Nosotros, habitantes de las repúblicas de la información, formamos una gran comunidad virtual. Leer el periódico en la mañana es para mí lo que era para Hegel en aquella página que también le gustaba a Fernando Savater: un rezo matutino. Pero se trata de un rezo laico y democrático, un verdadero acto de comunión con gente que comparte una versión similar del lugar en donde estamos, y de quiénes somos, y de qué queremos. Para enfrentarnos a los abusos de poder y fiscalizar a quienes lo ejercen, para desmontar las mentiras y denunciar las falsificaciones, un periodismo con autoridad moral, respetable y por lo mismo temible, es esencial. Por eso, creo yo, nos parece tan lamentable el periodista venal, interesado, corrupto o simplemente lambón: porque desperdicia la posibilidad más bella que tiene el oficio: darles voz a los que no la tienen, influencia a los que carecen de ella, y lograr que los ausentes o los invisibles, durante la breve existencia de una noticia, recuperen el derecho ciudadano de estar presentes y bien visibles aquí, en el lugar del debate público, que es donde pasan las cosas. Ésa es una de nuestras muchas tareas como periodistas.

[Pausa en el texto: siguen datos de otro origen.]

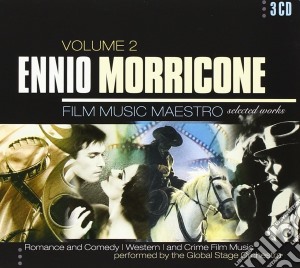 Ennio Morricone - Film Music Vol. 2 (3 Cd) cd musicale di Ennio Morricone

Albert Camus, un periodista de los buenos, solía decir que la tarea del periodismo es devolver al país su voz profunda. Lo dijo con estas palabras: “Si hacemos que esta voz siga siendo la de la energía más que la del odio, la de la objetividad orgullosa y no la de la retórica, la de la humanidad más que la de la mediocridad, muchas cosas se habrán salvado y nosotros no habremos desmerecido”. Desmerecer es no estar a la altura, ética pero también práctica, del momento irrepetible que atraviesa el país: este país que intentamos narrar con toda la pericia, y toda la verdad, de que somos capaces. Les propongo que le hagamos caso a Camus. Les propongo que estemos a la altura. Les propongo —colegas, amigos, periodistas— que no desmerezcamos.